● **Description of the task**: Only some lines are wanted. Transcribe, exactly, the lines below from the line with "La Reine 9 La" up to and including the line with "Drought Tolerant Front".

::: Material for the task

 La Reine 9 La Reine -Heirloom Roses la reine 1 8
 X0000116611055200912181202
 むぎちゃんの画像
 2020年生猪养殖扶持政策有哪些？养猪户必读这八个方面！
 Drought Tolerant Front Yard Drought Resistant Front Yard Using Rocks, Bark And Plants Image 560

::::::
::: Material for the task

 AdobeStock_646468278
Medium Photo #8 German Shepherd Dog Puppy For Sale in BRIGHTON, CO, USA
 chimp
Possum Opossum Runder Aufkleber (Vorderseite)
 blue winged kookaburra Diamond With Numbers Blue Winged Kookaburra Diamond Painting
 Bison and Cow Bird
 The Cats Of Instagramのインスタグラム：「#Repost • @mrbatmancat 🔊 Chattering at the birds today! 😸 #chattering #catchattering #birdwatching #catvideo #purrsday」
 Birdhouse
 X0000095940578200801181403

::::::

● **Reply**:
 La Reine 9 La Reine -Heirloom Roses la reine 1 8
 X0000116611055200912181202
 むぎちゃんの画像
 2020年生猪养殖扶持政策有哪些？养猪户必读这八个方面！
 Drought Tolerant Front Yard Drought Resistant Front Yard Using Rocks, Bark And Plants Image 560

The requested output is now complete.